Current VIX: 16.59 (Normal). Fitted long-run mean level: 18.7. Reversion half-life: 8.5 days. Figures reflect the default Ornstein-Uhlenbeck fit at the 3-month horizon; the interactive page also lets you switch horizon (3/6/12 months) and model.
Frequently asked questions
- How is the VIX forecast built?
- A log-space Ornstein-Uhlenbeck (mean-reverting AR(1)) model fit on CBOE VIX daily closes from FRED (VIXCLS), with bootstrap-resampled residual shocks so fat tails survive. The fit yields a long-run mean level and a reversion half-life in days. Educational research; not investment advice.
- Why mean reversion instead of a trend model for the VIX?

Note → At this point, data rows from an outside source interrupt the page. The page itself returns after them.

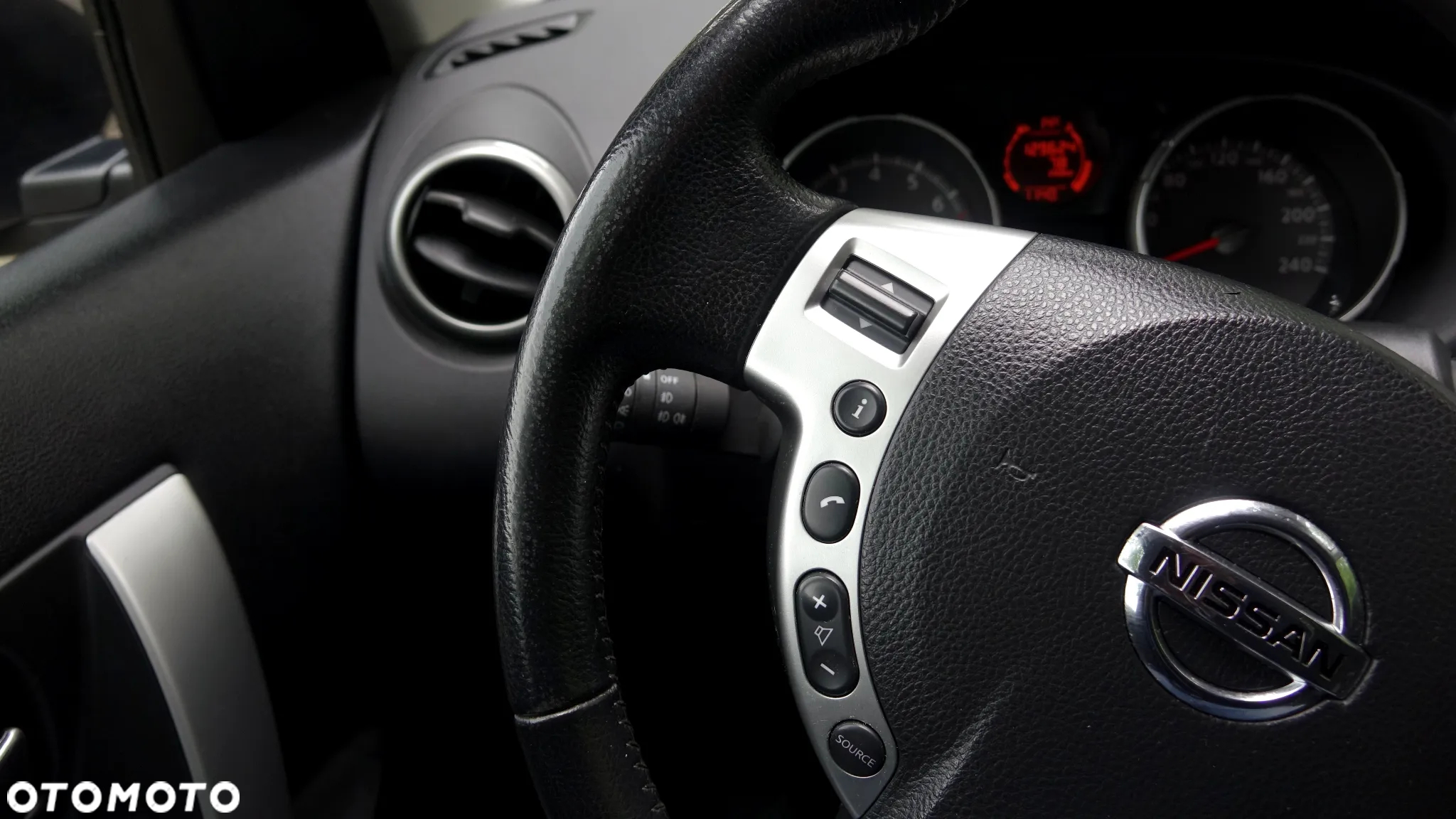 Nissan Qashqai - 16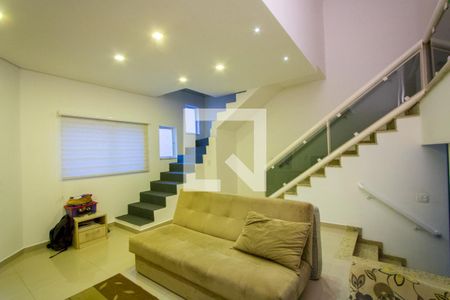 Sala de casa para alugar com 4 quartos, 203m² em Vila Floresta, Santo André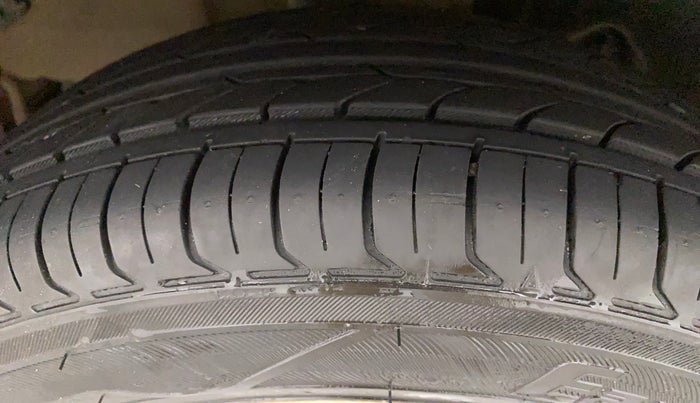 2017 Tata Tiago XZ PETROL, Petrol, Manual, 58,196 km, Right Rear Tyre Tread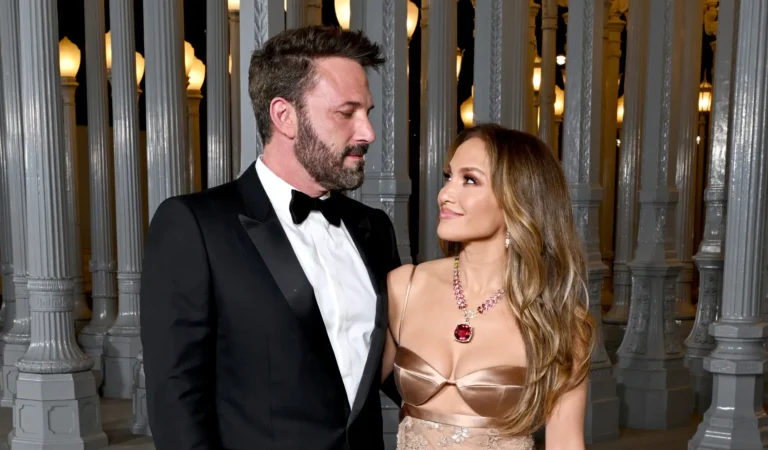 En medio de su comentado divorcio, Jennifer Lopez y Ben Affleck protagonizan un reencuentro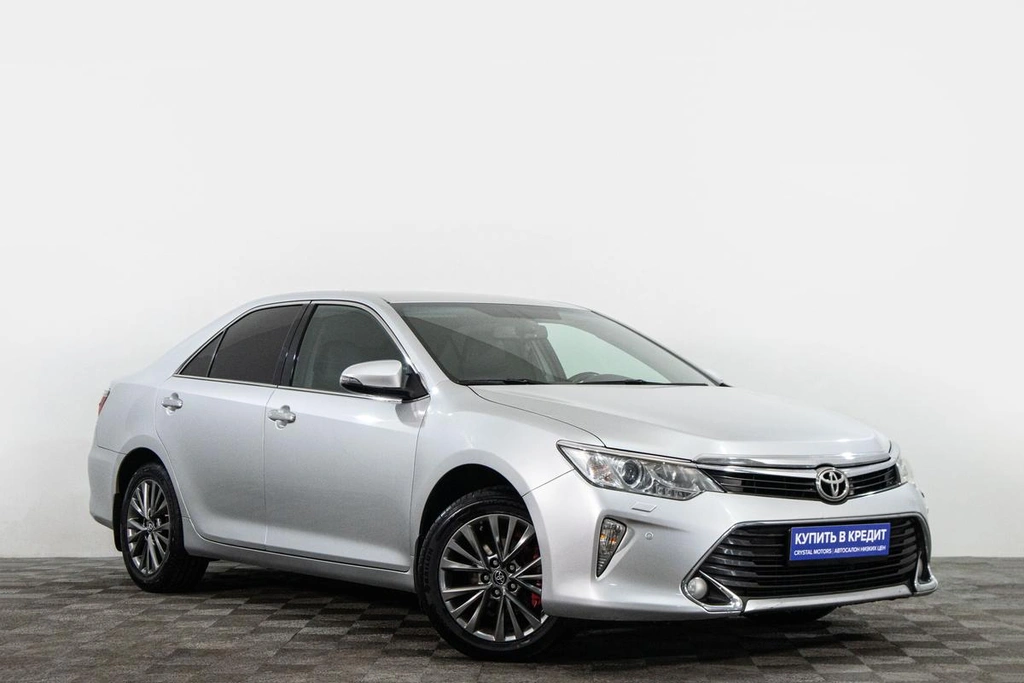 Седан Toyota Camry 2014 года, 1999000 рублей, Сургут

- The VIX is empirically bounded and reverts to a long-run average level after spikes — it does not trend the way an equity index can. A mean-reverting process fits that behaviour far better than a drift-based model.
- Can I choose a different VIX forecasting model?
- Yes — the forecast page offers three selectable mean-reverting models: Ornstein-Uhlenbeck (default), a second-order autoregression (AR(2)) that lets recent momentum influence the near-term path, and a regime-switching model with separate long-run means for calm/normal/stress volatility states.
Educational research only — not investment advice.